Eis a delícia da mais pura criatividade excêntrica do mestre Tim Burton, seu dom arrepiante é dotado de vigor estético e charme ao recriar um clássico de conto de horror macabro. A Lenda do Cavaleiro Sem Cabeça se expressa como um filme arrojado, de inspirado deleite visual. O foco centraliza o terreno de medo num pequeno vilarejo pastoril de Sleepy Hollow (daí o título original), em 1799. Uma série abrupta de crimes invade, assola e causa pânico no local e estes assassinatos envolvem vítimas aparentemente inocentes. Amedrontados, inevitáveis seres repletos de crenças religiosas que se mesclam às práticas místicas - estas pessoas comungam um elo de grandes segredos, onde tudo não é o que parece ser. No seio da comunidade coexistem mistérios que perduram. Os crimes sanguinolentos e hediondos atraem um investigador de Nova Iorque, Ichabod Crane (Johnny Depp) - ele ganhou fama, reconhecimento e atenção pelos métodos avant-garde, excêntricos e curiosos de solucionar seus crimes, exímio perito detalhista. Contudo, bem verdade, também foi discriminado pelos colegas por ter certa obsessão em criar métodos científicos de investigação – métodos estes que possam substituir a tortura.
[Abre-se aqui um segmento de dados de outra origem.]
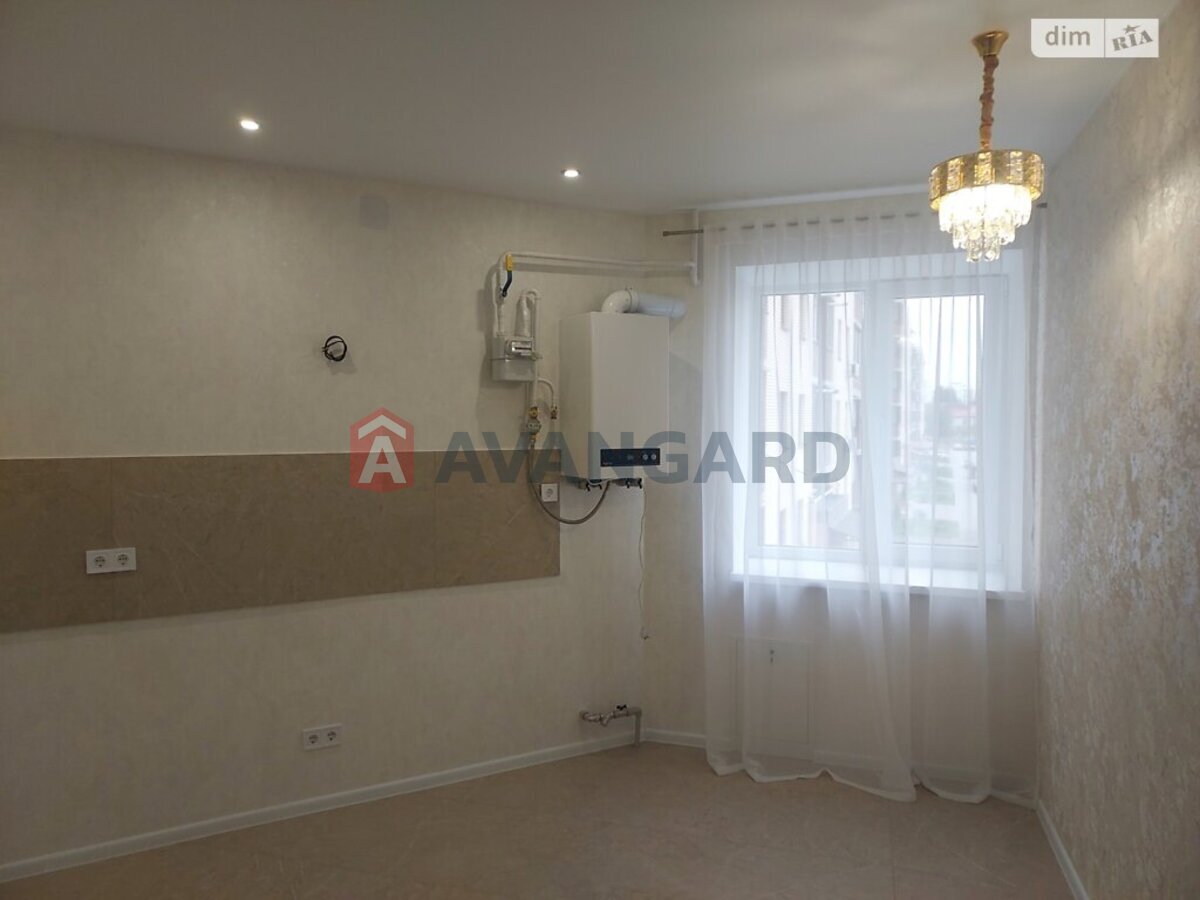 3 ��. ��������, 86/57/12 ��. �., 2/5 ������ ���� 4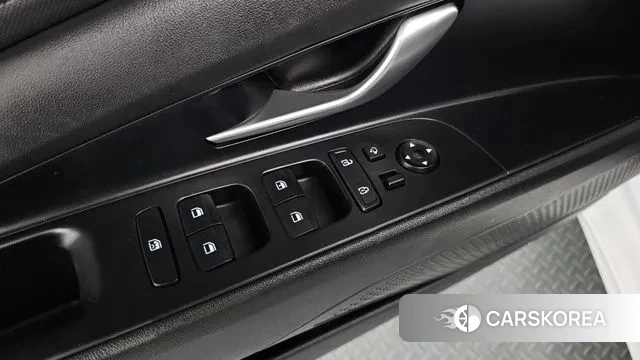 Hyundai Avante (CN7) id 2915920 из Кореи 9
Exímio inventor de estranhos instrumentos, como curiosas lentes de aumento que funcionam como óculos gigantes, presumivelmente capazes de ajudar a provar cientificamente a culpa, ou a inocência, de um suspeito de crime. Decidido a resolver os assassinatos em série, Crane vai ao vilarejo determinado: e é lá que se vê imerso numa estranha lenda que paira o círculo familiar, social e cultural da região: todos acreditam que os crimes têm uma relação com um cavaleiro sem cabeça (Christopher Walken) que, maligno e motivado à fúria incessante, tem um desejo insaturável de vingança doentia. A lenda diz que ele é um espírito amaldiçoado, uma alma condenada, espécie de espectro que perambula sem sua cabeça em busca de punição. Cabeças rolam, crimes não param de retroceder e é nesta histeria que entra em cena o trabalho do detetive metódico.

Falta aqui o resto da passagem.